PROBLEM STATEMENT: No pictures go in the copy; retype exactly the lines from the one with "Golden Corset Top" through the last line of the records.

Stored items
------------

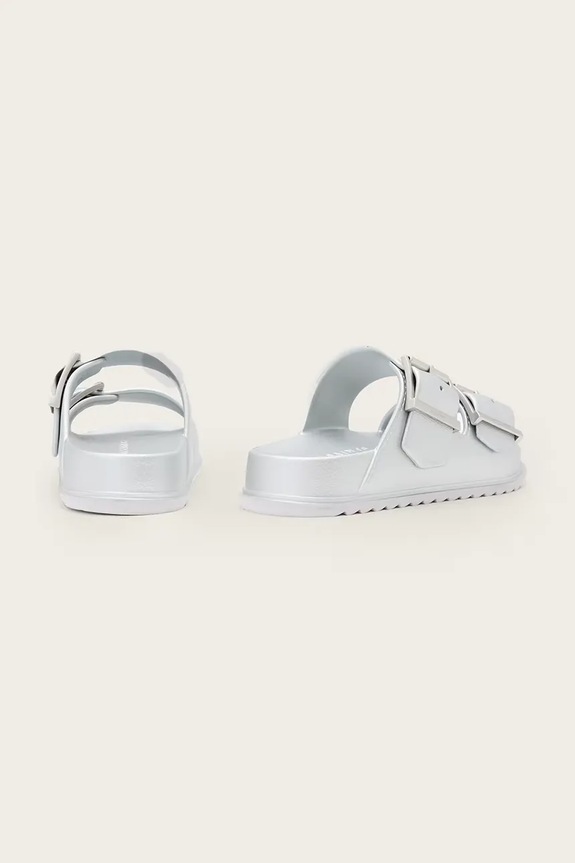 Obutev Natikači AllSaints Sian Eva Sandal W036FC srebrna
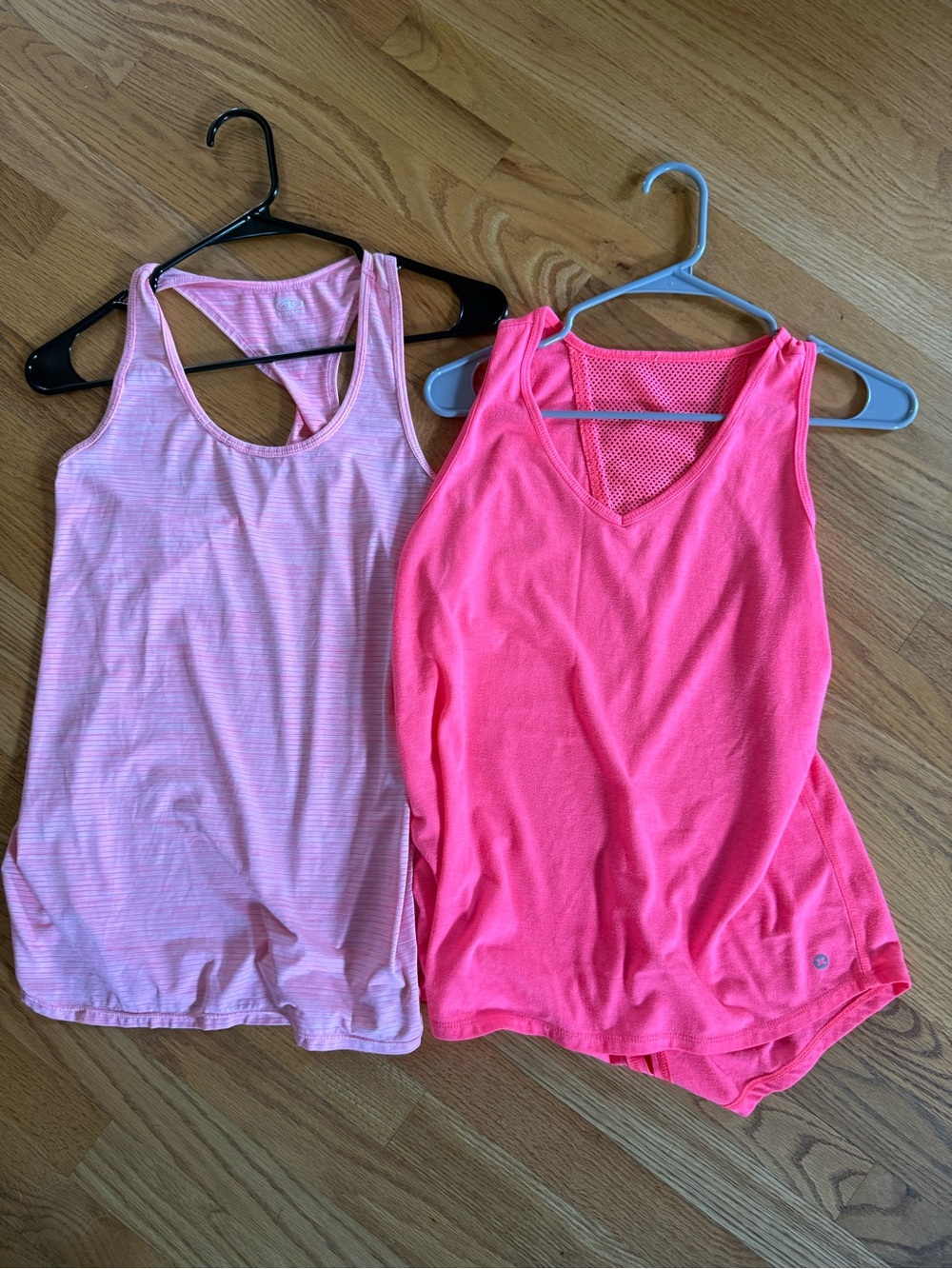 Pink & Light Pink Women's Athletic Tank Tops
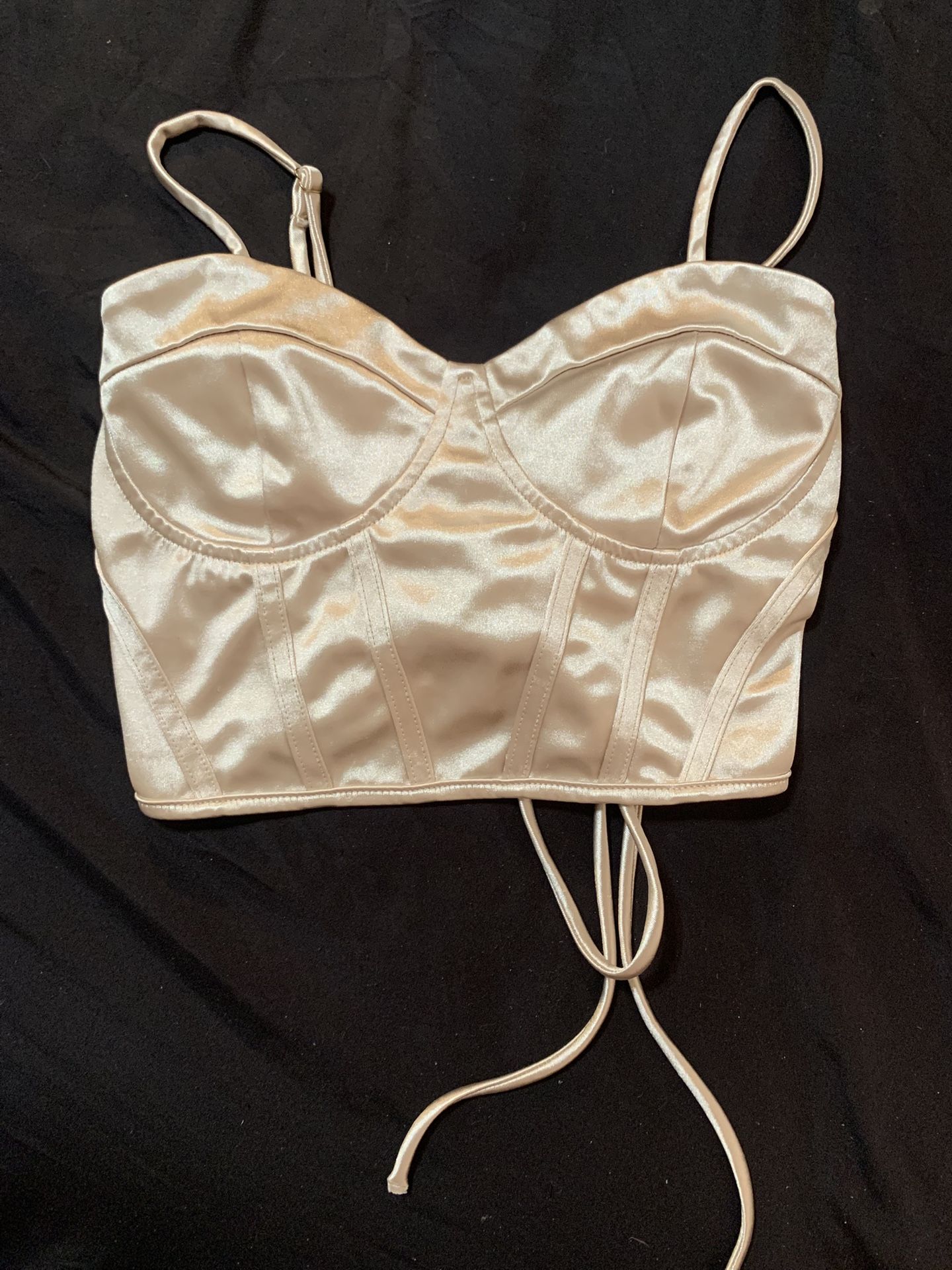 Golden Corset Top 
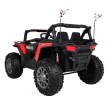 Buggy Racer dla dzieci Czerwony + Napęd 4x4 + Pilot + Wolny Start + Bagażnik + EVA + LED MP3-4 6674 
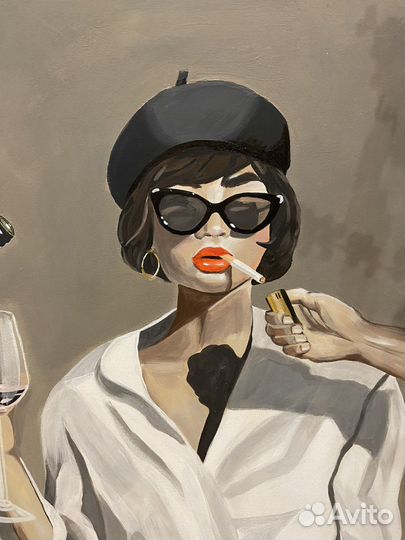 Картина Девушка с сигаретой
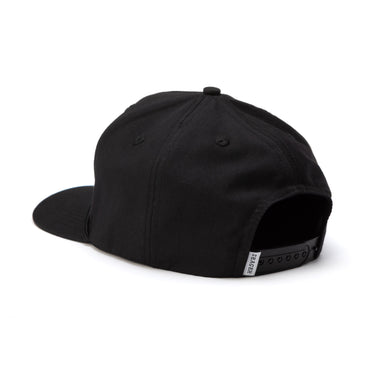 Branded Snapback- Black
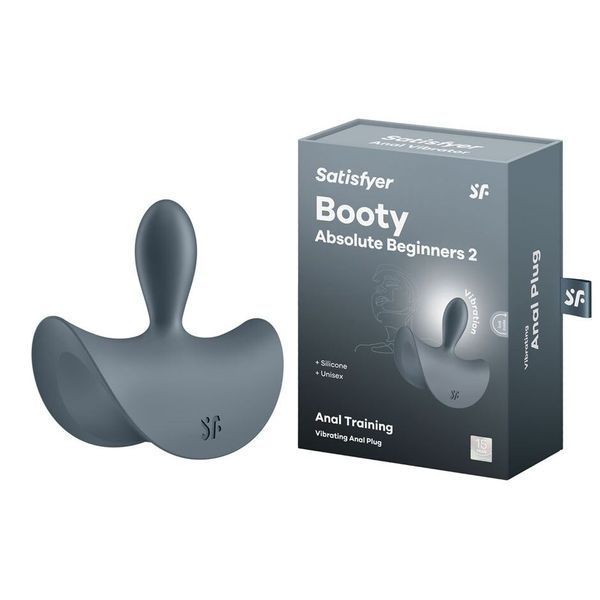 Анальная вибропробка Satisfyer Booty Absolute Beginners 2, для начинающих, вводимая часть 3,5 см SX0665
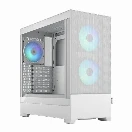 Fractal Design Pop Air RGB (White TG) Gaming Case w/ Clear Glass Window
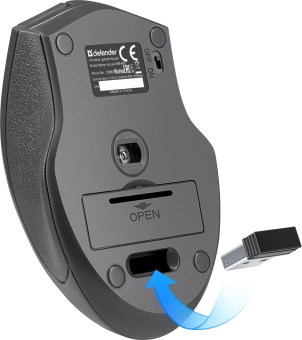 Мышь беспроводная Defender Accura Accura MM-665 черный,6 кнопок, 800-1600 dpi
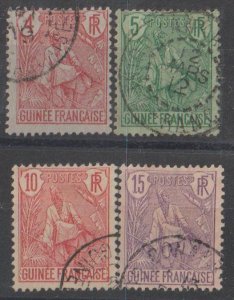 French Guinea SC 20, 21, 22, 23 Used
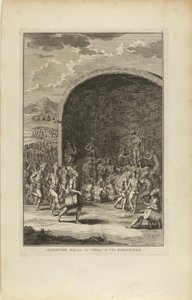 Religiöse Zeremonie der Bewohner der spanischen Insel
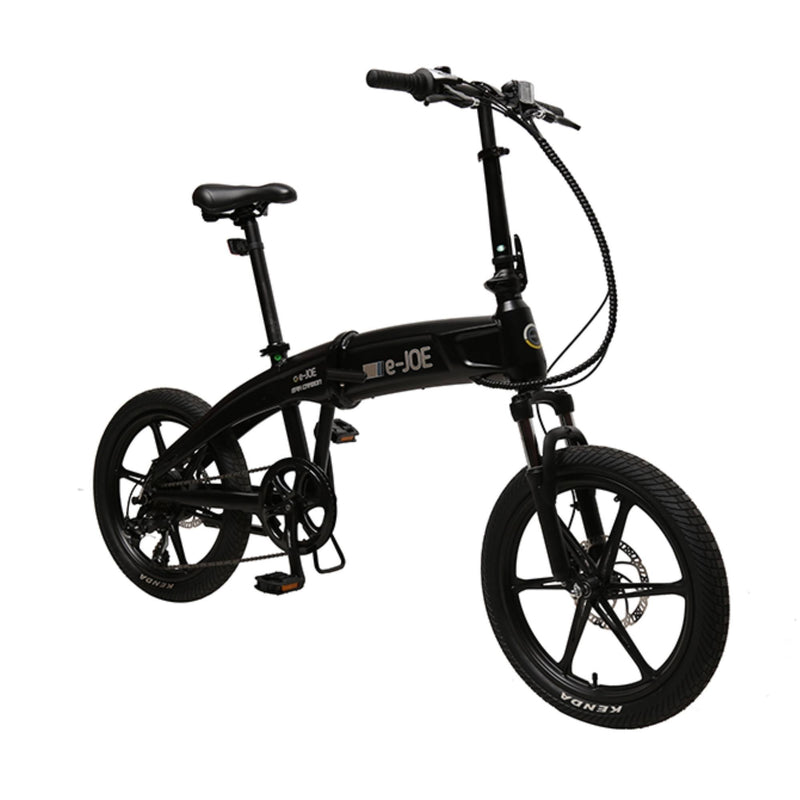 Electric Bike EJOE 500W EPIK CARBON Folding Electric Bike Black Matte Left Side View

------------

EXERCISE OUTPUT:
 Golden Corset Top 
 Buggy Racer dla dzieci Czerwony + Napęd 4x4 + Pilot + Wolny Start + Bagażnik + EVA + LED MP3-4 6674 
 Картина Девушка с сигаретой
 Branded Snapback- Black
 Анальная вибропробка Satisfyer Booty Absolute Beginners 2, для начинающих, вводимая часть 3,5 см SX0665
 Fractal Design Pop Air RGB (White TG) Gaming Case w/ Clear Glass Window
 Мышь беспроводная Defender Accura Accura MM-665 черный,6 кнопок, 800-1600 dpi
 French Guinea SC 20, 21, 22, 23 Used
 Religiöse Zeremonie der Bewohner der spanischen Insel
 Electric Bike EJOE 500W EPIK CARBON Folding Electric Bike Black Matte Left Side View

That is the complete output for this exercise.